There was, frankly, no stopping Jimmy.
"I'm convinced he's now found the range, he's now found his composure and we'll take it from here."
Round three. "I just feel he's growing in confidence, he's got his man's measure now," Jimmy persisted as Zhang made it 6-4.
But when Egan pulled a point back the Memory Man was off: "Brings back memories of the man in the studio there, Michael Carruth, what a day that was in Barcelona! It's funny that we won two gold medals - well, I'm counting chickens here - in a city with a B as its initial letter!"
"Jimmy," we pleaded, "stop."
This fate-tempting sent our distress levels soaring - they could be last seen hovering above the Bird's Nest.
"And Egan, as I told you, has found that distance," said Jimmy at the very moment our man went 7-5 down. "But so has the Chinese, seven points to five," he acknowledged.
End of round three. "He can picture that house in Neilstown, he can picture going home," he said of Egan, when the only thing we wanted him to picture was the X that marked the spot on Zhang's nose.
It was only when Egan went 8-5 down, with a minute or so to go, that Jimmy appeared to concede that fighting in a city with a B as its initial letter might not be enough. "He may have to throw the kitchen sink at him, with apologies to you Mrs Egan," he said.
It wasn't to be. "He was on the brink of everlasting fame," said Jimmy, "but there's many a boxer who lives in this world of ours who would chew your elbow off for a silver medal."
One of them, Dunne, was less than happy back in the studio, describing the scoring as "craaaaaaaaaazy", noting that, at one stage, "the Chinese got a point for shadow boxing".
Over in Clondalkin Carruth's da, Austin, was sanguine about it all. He told Joe Stack that "if any other athlete out there got a silver medal they'd get the bus through town".
They would too.

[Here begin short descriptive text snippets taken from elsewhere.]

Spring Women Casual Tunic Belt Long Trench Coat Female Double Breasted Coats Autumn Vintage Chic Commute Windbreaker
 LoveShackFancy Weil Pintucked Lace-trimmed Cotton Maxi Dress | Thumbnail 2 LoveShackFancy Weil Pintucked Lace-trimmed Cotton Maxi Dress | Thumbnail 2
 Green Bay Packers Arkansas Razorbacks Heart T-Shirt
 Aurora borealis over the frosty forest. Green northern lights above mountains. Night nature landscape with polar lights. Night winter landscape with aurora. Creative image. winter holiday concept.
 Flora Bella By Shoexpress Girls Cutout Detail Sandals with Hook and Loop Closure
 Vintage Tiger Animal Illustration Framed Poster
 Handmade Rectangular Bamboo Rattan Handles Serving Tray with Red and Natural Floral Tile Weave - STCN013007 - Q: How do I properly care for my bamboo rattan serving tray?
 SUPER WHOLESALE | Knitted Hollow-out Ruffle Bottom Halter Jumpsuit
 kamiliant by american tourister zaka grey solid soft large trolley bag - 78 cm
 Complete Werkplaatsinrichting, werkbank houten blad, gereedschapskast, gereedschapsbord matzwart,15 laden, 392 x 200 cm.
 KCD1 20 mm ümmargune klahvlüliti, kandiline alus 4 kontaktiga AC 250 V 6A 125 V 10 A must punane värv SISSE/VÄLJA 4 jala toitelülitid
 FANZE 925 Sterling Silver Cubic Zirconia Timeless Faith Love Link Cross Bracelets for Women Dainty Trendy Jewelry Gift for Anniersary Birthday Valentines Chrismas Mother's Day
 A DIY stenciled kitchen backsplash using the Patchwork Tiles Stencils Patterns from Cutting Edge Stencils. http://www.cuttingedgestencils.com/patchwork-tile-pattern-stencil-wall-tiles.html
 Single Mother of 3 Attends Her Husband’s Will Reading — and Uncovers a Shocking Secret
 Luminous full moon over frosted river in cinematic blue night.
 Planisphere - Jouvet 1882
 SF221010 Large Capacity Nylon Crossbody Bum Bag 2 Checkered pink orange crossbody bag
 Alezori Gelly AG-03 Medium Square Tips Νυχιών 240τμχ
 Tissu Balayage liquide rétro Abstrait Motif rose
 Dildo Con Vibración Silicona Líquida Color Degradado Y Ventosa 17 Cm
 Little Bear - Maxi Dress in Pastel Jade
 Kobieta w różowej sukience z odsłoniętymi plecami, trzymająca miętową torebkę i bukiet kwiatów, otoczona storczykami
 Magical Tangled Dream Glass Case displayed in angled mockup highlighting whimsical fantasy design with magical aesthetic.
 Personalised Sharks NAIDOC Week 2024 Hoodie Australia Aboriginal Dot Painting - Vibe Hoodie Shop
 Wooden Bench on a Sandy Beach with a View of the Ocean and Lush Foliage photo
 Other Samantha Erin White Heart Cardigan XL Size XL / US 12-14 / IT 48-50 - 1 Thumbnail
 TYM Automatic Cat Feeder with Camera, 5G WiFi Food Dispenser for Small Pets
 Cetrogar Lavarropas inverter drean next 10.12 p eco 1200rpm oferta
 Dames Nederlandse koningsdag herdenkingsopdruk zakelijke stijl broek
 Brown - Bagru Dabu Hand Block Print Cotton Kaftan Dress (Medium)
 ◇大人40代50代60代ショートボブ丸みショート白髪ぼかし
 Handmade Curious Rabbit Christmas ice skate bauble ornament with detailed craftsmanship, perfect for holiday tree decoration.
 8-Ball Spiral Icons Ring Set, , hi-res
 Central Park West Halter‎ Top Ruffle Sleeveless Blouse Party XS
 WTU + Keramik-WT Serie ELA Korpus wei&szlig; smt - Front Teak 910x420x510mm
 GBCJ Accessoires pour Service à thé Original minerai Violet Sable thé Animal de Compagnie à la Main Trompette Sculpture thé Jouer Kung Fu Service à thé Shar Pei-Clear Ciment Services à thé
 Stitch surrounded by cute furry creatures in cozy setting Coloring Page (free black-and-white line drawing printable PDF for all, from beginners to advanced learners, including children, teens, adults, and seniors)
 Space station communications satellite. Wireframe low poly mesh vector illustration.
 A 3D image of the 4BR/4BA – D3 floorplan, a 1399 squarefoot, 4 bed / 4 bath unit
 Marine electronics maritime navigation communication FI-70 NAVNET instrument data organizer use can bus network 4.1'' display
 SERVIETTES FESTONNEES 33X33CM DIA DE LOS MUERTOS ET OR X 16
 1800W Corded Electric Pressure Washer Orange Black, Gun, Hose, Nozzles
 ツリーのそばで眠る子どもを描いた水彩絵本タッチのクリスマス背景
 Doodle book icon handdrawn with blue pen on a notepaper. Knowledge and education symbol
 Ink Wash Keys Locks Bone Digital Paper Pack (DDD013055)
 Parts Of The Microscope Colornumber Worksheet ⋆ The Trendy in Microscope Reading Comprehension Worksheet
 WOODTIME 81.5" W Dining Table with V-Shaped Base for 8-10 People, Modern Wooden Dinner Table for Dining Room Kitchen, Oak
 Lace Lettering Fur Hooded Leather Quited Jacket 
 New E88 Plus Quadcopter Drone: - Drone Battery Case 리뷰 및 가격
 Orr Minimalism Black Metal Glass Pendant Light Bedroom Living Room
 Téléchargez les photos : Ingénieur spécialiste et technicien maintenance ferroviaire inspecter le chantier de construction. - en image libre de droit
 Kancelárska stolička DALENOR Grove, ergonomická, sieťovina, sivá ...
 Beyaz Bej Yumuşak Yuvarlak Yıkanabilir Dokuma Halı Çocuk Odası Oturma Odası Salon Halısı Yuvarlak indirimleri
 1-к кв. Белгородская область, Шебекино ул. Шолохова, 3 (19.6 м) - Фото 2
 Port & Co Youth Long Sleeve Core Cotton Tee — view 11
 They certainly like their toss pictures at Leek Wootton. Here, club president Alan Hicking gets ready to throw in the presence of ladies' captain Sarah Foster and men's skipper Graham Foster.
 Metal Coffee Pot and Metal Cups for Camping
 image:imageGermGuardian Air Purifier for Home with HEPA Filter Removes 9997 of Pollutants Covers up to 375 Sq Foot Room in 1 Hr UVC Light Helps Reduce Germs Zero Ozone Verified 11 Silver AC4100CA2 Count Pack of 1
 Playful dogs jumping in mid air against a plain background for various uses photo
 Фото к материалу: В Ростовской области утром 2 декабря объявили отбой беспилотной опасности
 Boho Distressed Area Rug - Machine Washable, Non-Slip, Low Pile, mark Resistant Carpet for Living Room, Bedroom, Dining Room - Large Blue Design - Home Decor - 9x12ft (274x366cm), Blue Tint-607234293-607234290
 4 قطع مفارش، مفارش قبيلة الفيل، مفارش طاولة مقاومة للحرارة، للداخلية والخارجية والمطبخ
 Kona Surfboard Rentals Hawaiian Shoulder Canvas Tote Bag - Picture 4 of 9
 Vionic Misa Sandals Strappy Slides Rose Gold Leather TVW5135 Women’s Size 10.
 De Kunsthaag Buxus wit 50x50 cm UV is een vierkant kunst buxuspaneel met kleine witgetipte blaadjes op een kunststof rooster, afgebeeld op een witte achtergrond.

But there's always London 2012, as the appearance of Beckham, Boris, a bus and Buckingham Palace at the closing ceremony reminded us. It was when that bus turned inside out and Jimmy Page appeared on top playing A Whole Lotta Lovewe knew China's grip on the Olympic Games had been somewhat loosened.
All done bar the mopping up. We'll never know if Kenny held off Phelps, Bolt, Wanjiru, O'Dea and Davy Fitz in the BMX, but he had us glued to our tellies til the final day. A silver lining to a cloudy Games for the Irish. Top man.